With this approach, we don’t upgrade our customers in the traditional sense of applying code changes to an existing production environment. Instead, we instantiate a new customer DU, including a new release of OpenStack, and cut everyone over to the new DU. This approach is what enabled us to perform painless upgrades from the Havana to the Juno release of OpenStack for all our customers.
It is worth noting that I have not talked about the on-premises tier. Here we are still using the traditional upgrade approach since we cannot assume that our customers are using Immutable Infrastructure or Blue/Green Deployment principles.
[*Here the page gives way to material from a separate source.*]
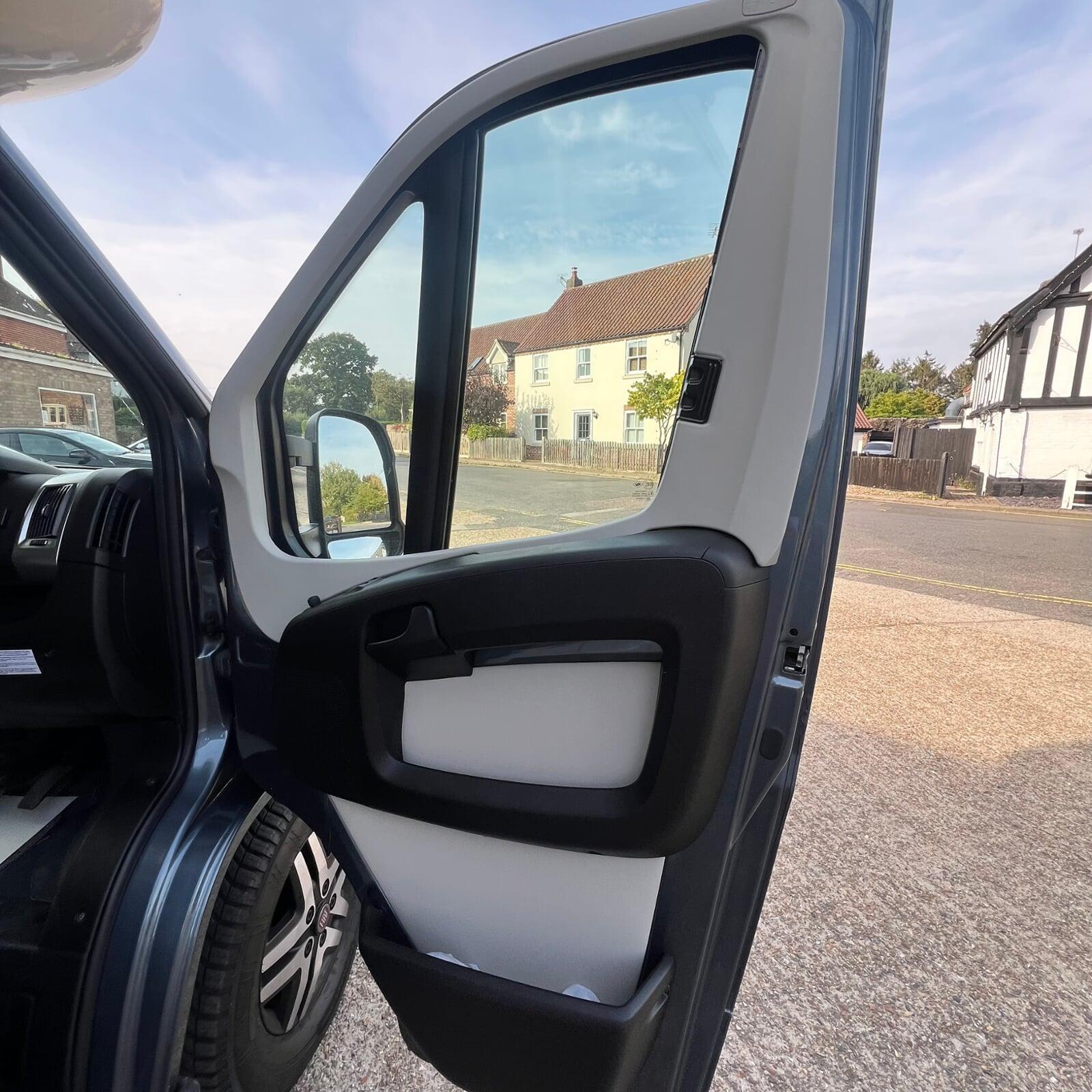 2016 Auto Trail Comanche Tri Axle 6 berth 6 belted Motorhome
Also, we follow a shared responsibility approach at this tier in which we upgrade the host agent or gateway but the customer has responsibility for upgrading their hypervisors and other parts of their infrastructure as needed.
Putting It All Together
Here’s what the high-level “upgrade” workflow looks like for Platform9:
- Use Snape to create new AMI-based instances for the standby Green DU
- Use Snape to apply networking configuration to the standby Green DU
- Use Snape to apply security management to the standby Green DU
- Use Ansible to install OpenStack services running target code release
- Use Ansible to apply Platform9 customer account information to standby Green DU
- Use Snape to install management software as needed for the standby Green DU
- Use Snape to run automated tests on standby Green DU
- Confirm that both Blue and Green deployments are running properly
- Cut customers over to the standby Green DU by rerouting requests from the Blue DU, using the Amazon Elastic Load Balancing (ELB) service
- Delete Blue DU including all instances
By automating these steps, focusing on being service oriented, and applying other cloud-native design patterns such as Immutable Infrastructure, Platform9 is able to take the pain out of upgrades while providing our customers with a stable cloud management platform. A stable platform such as this helps deliver new capabilities allowing those customers to continually innovate and to succeed.